Gosnells council votes in favour of retaining one-ward local government system

Gosnells council votes in favour of retaining one-ward local government system

THERE was a strong majority among Gosnells councillors for the City to remain a one-ward system.

The debate at last week’s council meeting was originally sparked after a petition was presented to councillors last year.

Currently, residents in the City of Gosnells area elect 12 councillors who then vote for the mayor, but the 12 are elected from anywhere within the area and not to a certain ward.

Only five metropolitan local governments have the single ward system, including Gosnells which has by far the largest number of electors with just under 64,000; next biggest being Kwinana at 17,000.

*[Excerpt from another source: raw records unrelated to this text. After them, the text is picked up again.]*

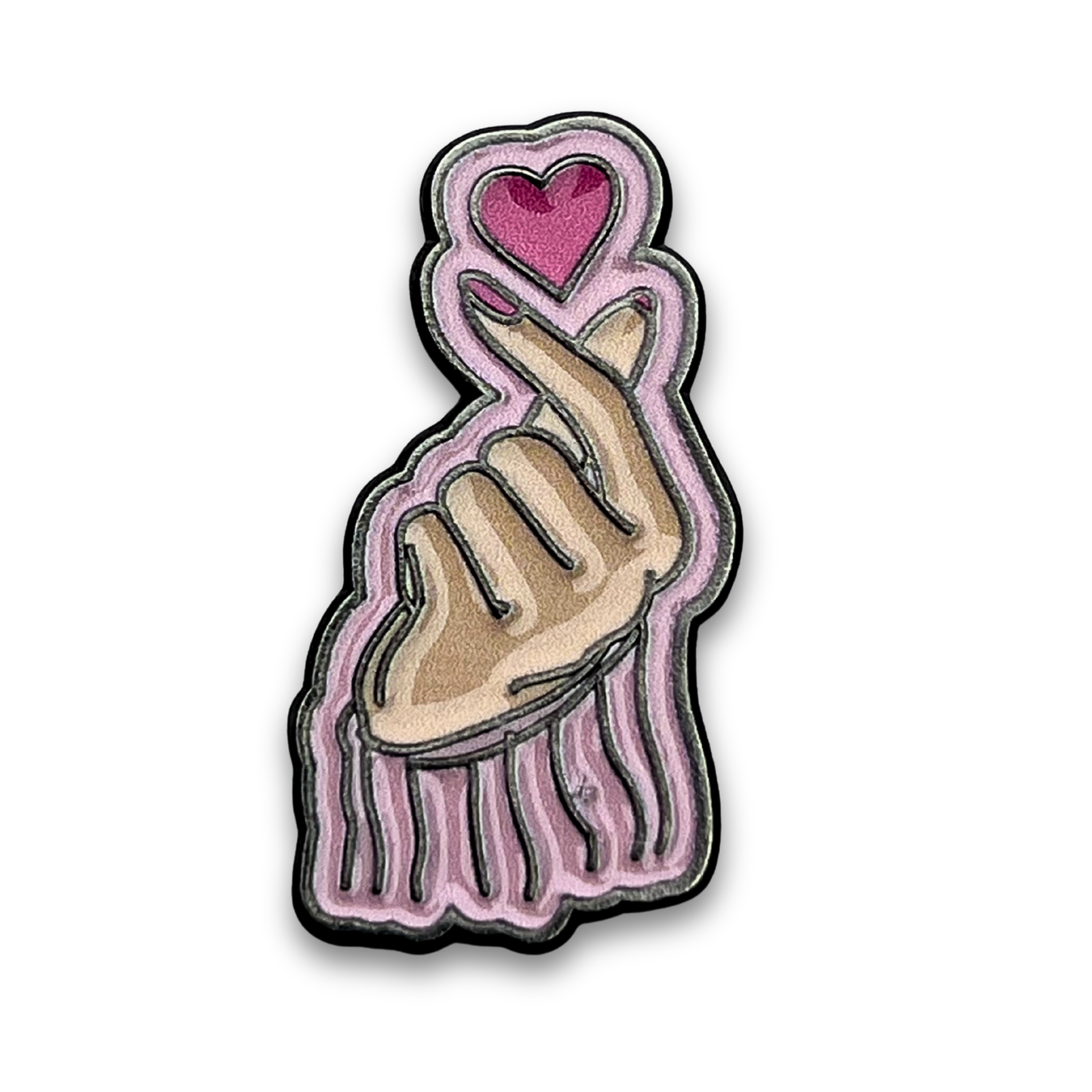 BTS Korean Finger Heart Metal Phone Sticker With 3M Sticky Backing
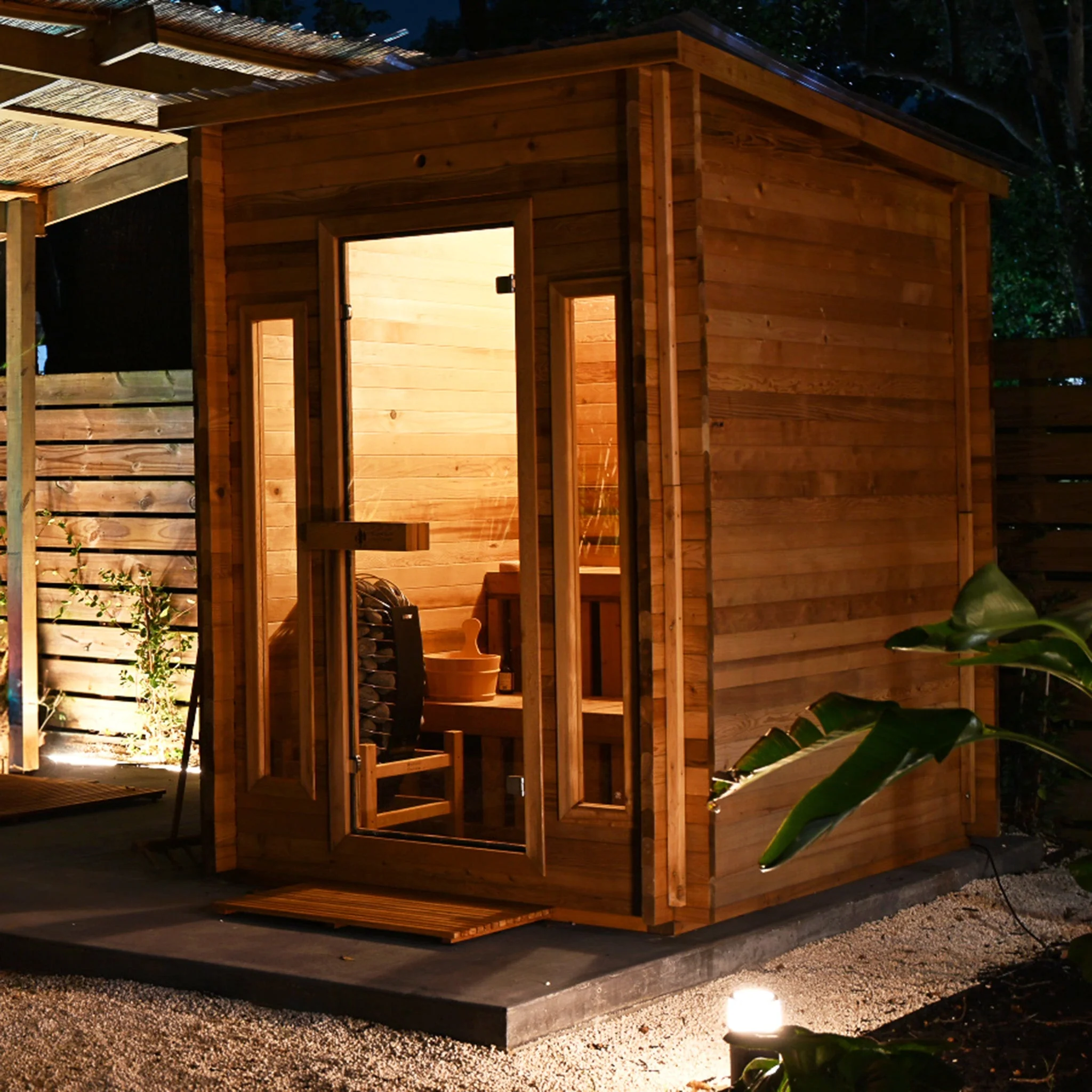 Cabin Outdoor Sauna - 4 Person w/ Harvia Spirit Wi-Fi 8kW Heater - Image 3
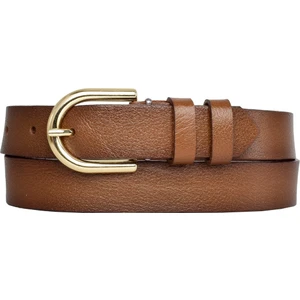 Goderi Deri, Gold Tokalı 3 cm Kahverengi Kadın Kemeri; Elbise, Pantolon Kemeri=3cm-Kdn-22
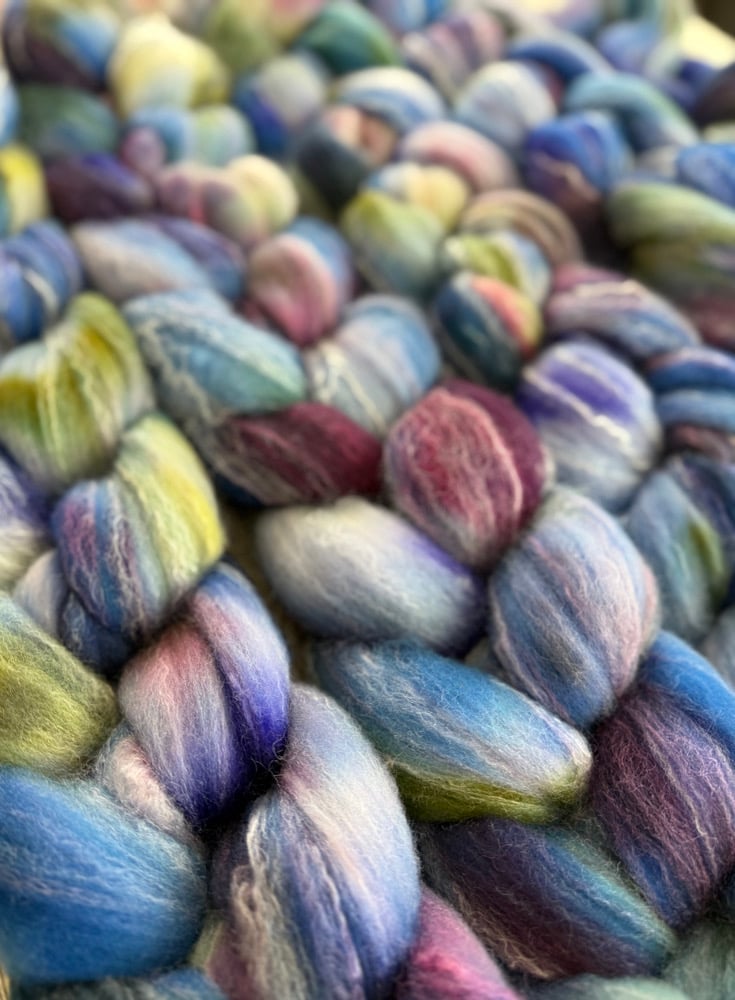 Cottage Garden, on Big Cozy Sock: 80% USA Targhee, 10% Bamboo, 10% Tussah Silk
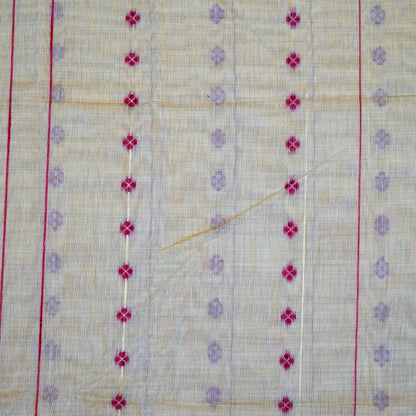 Beige Ishvani Tussar saree with Maroon tassels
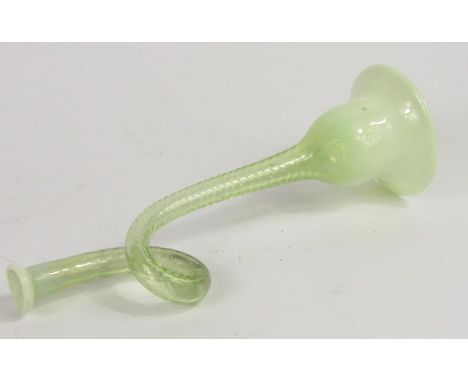 A Victorian vaseline glass hunting horn, 23cm high.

A report prepared by the City and presented to councillors detailed the advantages and disadvantages of the multi-ward system at .

Councillor Glenn Dewhurst brought forward an amendment during the discussion that council should remain a single ward system and that this position forms the basis of any public consultation undertaken in relation to wards.

The amendment was carried 8-4; councillors Bill Wiffen Terry Healy, Pierre Yang and Mayor Olwen Searle voted against the motion.

However, the acceptance of the amendment does not mean a final decision has been made on wards, but does show the councillors; support for the single ward system.

According to WA Legislation on the subdivision of local governments, The Governor, on the recommendation of the Local Governments Minister, may divide local government areas into wards or amend ward boundaries.

Positive features for single ward

– Promotes the concept of a whole-of-City focus, with councillors being elected by and concerned for the local government as a whole, rather than parochial interests.

– Gives residents and ratepayers a choice of councillors to approach with their concerns.

– Results in a simple, less expensive voters’ roll for elections compared with separate voters’ rolls for individual wards.

– Councillors can use their speciality skills and knowledge for the benefit of the whole community.

Positive features for multi ward

– Councillors are more likely to be truly local representatives, easily accessible to residents and aware of local issues.

– Councillors may share workloads more effectively.

– Major geographical communities of interest are likely to be represented (such as a sizeable town or group of suburbs) in a ward.

– Cost effective and easier for candidates to canvass only within their prospective ward, rather than the whole local government area.